The Journal of ERW and Mine Action is a print and online magazine for the global landmine, ERW and post-conflict community. It is published three times a year; the print magazine has a circulation of 1,500, two-thirds outside the US, and the online site receives 135,000 views annually. The journal contains editorials, articles, reports, reviews, profiles dealing with current practices, new equipment and techniques, procedures, lessons learned and newsworthy information. The Journal is written by field experts along with in-house contributions, and is funded by contracts from the United States Department of State's Bureau of Political-Military Affairs, and the United States Department of Defense's Night Vision and Electronic Sensors Directorate.

The Journal of Conventional Weapons Destruction is currently suspended due to loss of funding (as of 2025), and CISR is actively seeking $300,000 in new support to resume publication.

==Peer Support==
“Pathways to Resilience” (P2R) is a regional leadership and training program for survivors of landmines and explosive ordnance injuries. The program's purpose is to develop self-confidence, emotional and physical health and life direction for landmine survivors while empowering them to help other survivors in their country of origin. The first P2R program hosted 29 landmine survivors for a week-long peer-support program in Hamama, Lebanon from May 8–15, 2011.

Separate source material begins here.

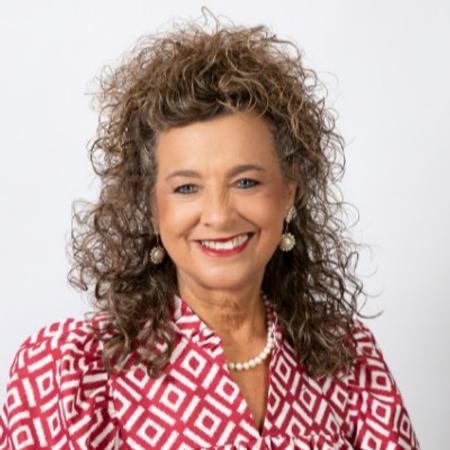 Profile photo of a State Farm Agent named: Lisa Turrentine
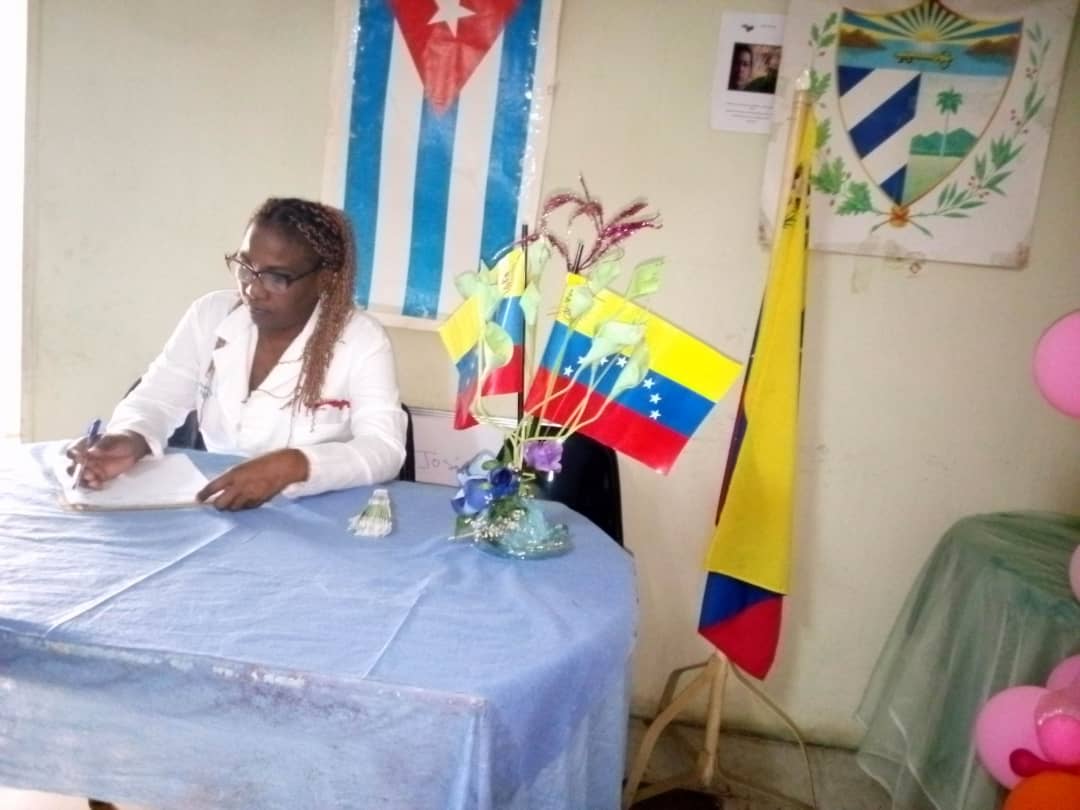 CDI Antonio José de Sucre, realizando entrega de guardia y revista matutina, informándonos del acontecer nacional e internacional. #CubaPorLaVida #CubaCoopera #60AñosSalvandoVidas <a href="/cubacooperaven/">Brigada Médica Cubana en Venezuela</a> <a href="/MinSaludVE/">MPPSalud</a> <a href="/MagaGutierrezV/">Magaly Gutiérrez Viña</a> <a href="/MINSAPCuba/">Ministerio de Salud Pública de Cuba</a> <a href="/AdanVillavicen5/">Adan Villavicencio Guzmán</a> <a href="/Cubacooperabol2/">Brigada Médica 🇨🇺 Bolívar🇻🇪</a>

CISR continues to expand its P2R model, identifying global needs and aspiring to replicate these workshops in additional conflict‑affected regions.

==Management training==

CISR, working in close collaboration with faculty from JMU's College of Business (COB), specializes in management training for leaders in mine action around the world. The Senior Managers’ Course in ERW and Mine Action seeks to integrate the latest thinking in the field of business management with the practical experience of ERW/mine action operators. The goal is to hone the skills of senior managers of national ERW and mine action programs so that countries can more effectively and efficiently clear their lands of landmines and other explosive remnants of war that adversely affect their citizens' well-being and impinge upon economic development. Between 2004 and 2013, CISR hosted nine courses on the campus of JMU with 172 participants from 40 countries.

CISR has also conducted regional training courses in Jordan, Colombia, Peru, and Tajikistan, where it held a training program in May 2014.

==Global Mine Action Registry==
The Global Mine Action Registry is a resource database of contact information on hundreds of mine-action organizations.